Der Bundestag soll das FrackingGesetz am Freitag verabschieden. Es lag nach einem Kabinettsbeschluss über ein Jahr auf Eis, da es Mitgliedern beider Regierungsfraktionen nicht streng genug war. „Dieses Gesetz schließt Fracking in Deutschland quasi aus“, sagte der CDU-Vizevorsitzende Armin Laschet. Der Gesetzentwurf sieht vor, dass bei Probebohrungen eine Expertenkommission einen Erfahrungsbericht erstellt. Der Bundestag soll schließlich darüber entscheiden, ob es beim generellen Verbot bleibt. SEITE 5
BERLIN (dpa) - Ein gutes Jahr ging bei diesem Thema wenig bis nichts, dann war innerhalb weniger Tage alles klar. Die Große Koalition hat sich geeinigt, wie Fracking in Deutschland künftig geregelt werden soll. Nicht alle sind damit glücklich.
Darf jetzt gefrackt werden? Fracking an sich war nicht verboten. Es gab nur ein Moratorium, also eine Art Stillhalteabkommen der Gasförderer mit der Politik. Sie stellten keine Anträge und warteten auf ein Gesetz. Konventionelles Fracking in Sandstein gibt es in Deutschland seit den 1960er-Jahren. Meist ist mit Fracking aber die „unkonventionelle“Förderung von Gas in Schiefergestein gemeint. Das ist die in den USA bekannte Methode. Dieses Fracking wird verboten – höchstens vier Probebohrungen zu wissenschaftlichen Zwecken werden erlaubt.
Und wer entscheidet darüber? Die Länder dürfen entscheiden, ob es Probebohrungen für die Wissenschaft geben soll.
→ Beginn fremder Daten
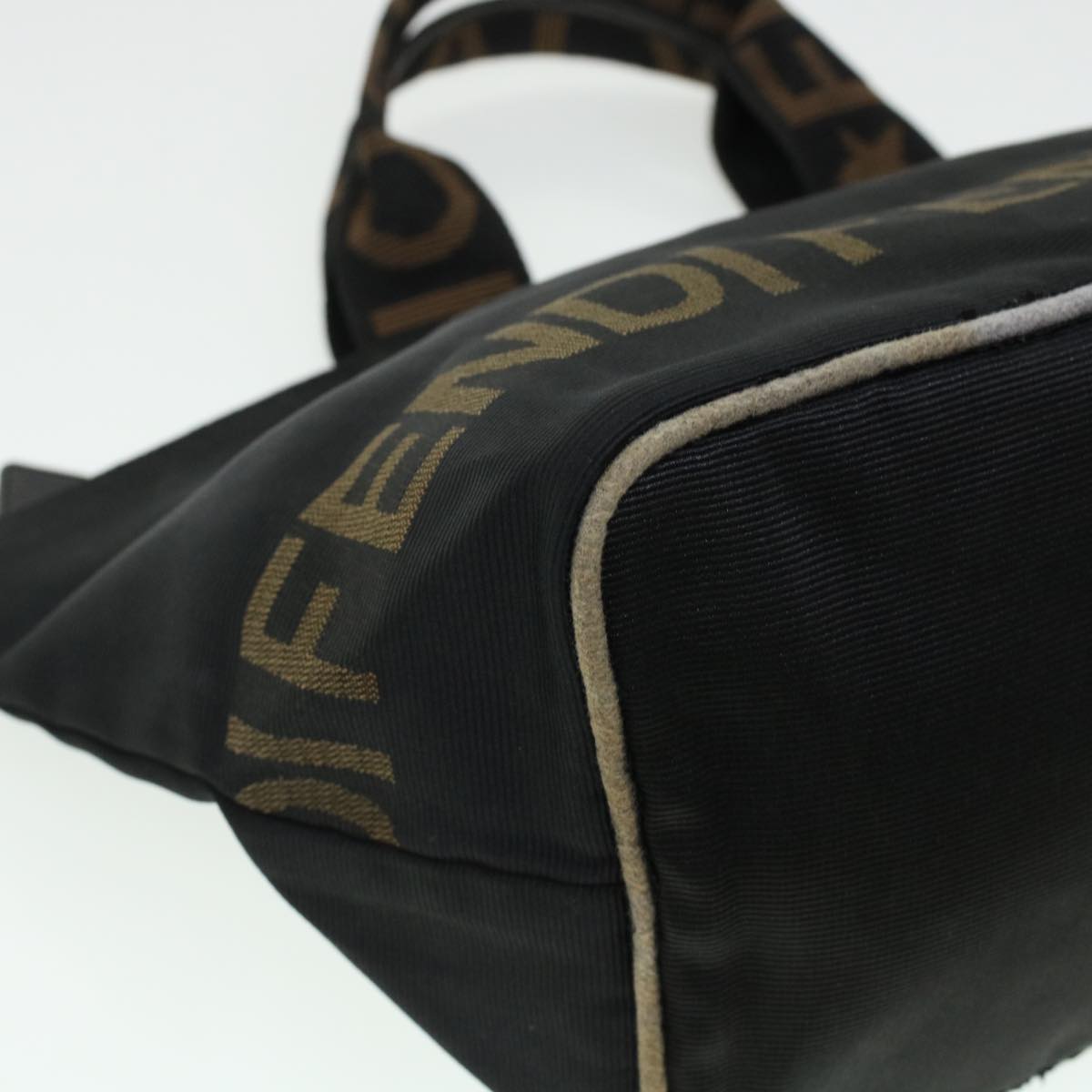 FENDI Zucca Canvas Hand Bag Black Brown Auth bs6057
Keinem Bundesland kann Fracking „aufgezwungen“werden. Das freut vor allem Nordrhein-Westfalen, dessen Ministerpräsidentin Hannelore Kraft (SPD) sagte, sie mache dabei nicht mit.
Das konventionelle Fracking bleibt also erlaubt? Es ist überall dort verboten, wo es ums Trinkwasser geht – in Wasserschutz- und Heilquellenschutzgebieten, an Talsperren und Seen wie dem Bodensee, die zur öffentlichen Wasserversorgung dienen. Nicht nur das Bergrecht, auch das Wasserrecht bestimmt künftig, wo Erdgas so gefördert werden darf. Die kommunale Wasserwirtschaft und die Wasserversorger finden das gut: „Es trägt zum Trinkwasserschutz bei. Die derzeit unklare Lage schadet dem Schutz unserer Wasserressourcen“, sagt Martin Weyand, der Hauptgeschäftsführer des Bundesverbandes der Energie- und Wasserwirtschaft (BDEW).
Warum hing das Gesetz so lange im Bundestag? Der ursprüngliche Gesetzentwurf, den das Kabinett im April 2015 verabschiedet hatte, war nicht so streng wie der jetzt gefundene Kompromiss. Fracking ist in vielen Wahlkreisen in Niedersachsen und Nordrhein-Westfalen ein gewaltiges Thema – sowohl in der Union als auch bei der SPD forderten daher Abgeordnete Nachbesserungen. In SPDKreisen hieß es zuletzt, der Entwurf liege bei den Fraktionschefs, aber die Union blockiere eine Einigung.
Warum kommt die Einigung gerade jetzt? Weder SPD noch die Union haben Interesse daran, sich im Wahlkampf mit dem Aufreger-Thema Fracking herumzuschlagen. Eine Einigung vor der Sommerpause hilft allen. Den Ausschlag gab wohl Druck aus Niedersachsen, wo rund 95 Prozent der deutschen Erdgas-Vorkommen liegen. Förderunternehmen dort hatten angekündigt, wieder Anträge zu stellen, auf die sie freiwillig verzichtet hatten.